[[ Provided material open ]]
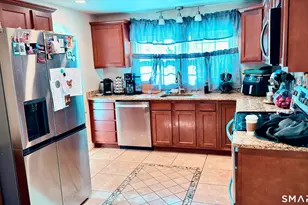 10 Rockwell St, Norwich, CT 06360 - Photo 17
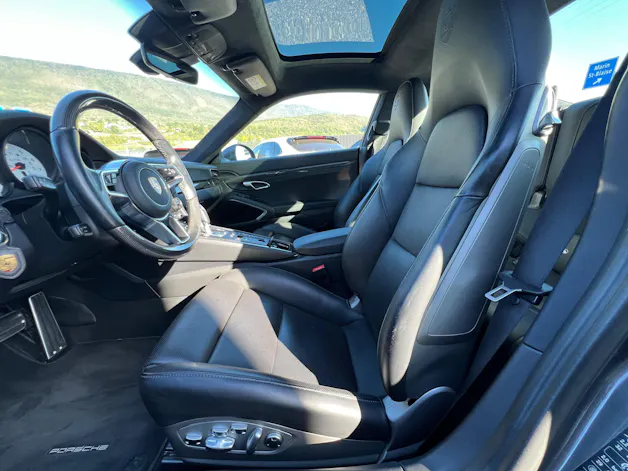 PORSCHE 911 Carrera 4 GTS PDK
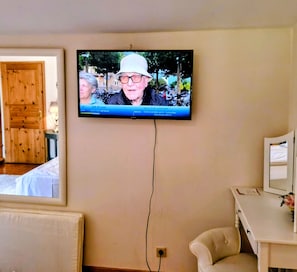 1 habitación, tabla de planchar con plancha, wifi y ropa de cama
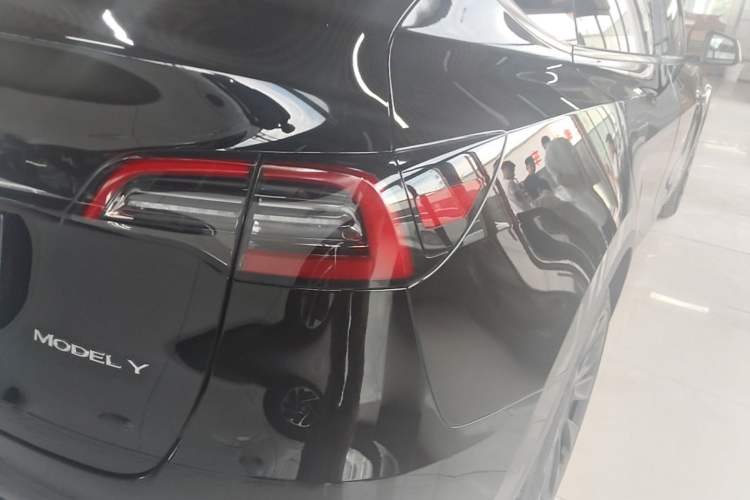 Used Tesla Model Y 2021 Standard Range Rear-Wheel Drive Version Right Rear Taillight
[[ Provided material closed ]]
> _Task_
When you set down the material above, keep every word exact and include no pictures.

> _Expected answer_
 10 Rockwell St, Norwich, CT 06360 - Photo 17
 PORSCHE 911 Carrera 4 GTS PDK
 1 habitación, tabla de planchar con plancha, wifi y ropa de cama
 Used Tesla Model Y 2021 Standard Range Rear-Wheel Drive Version Right Rear Taillight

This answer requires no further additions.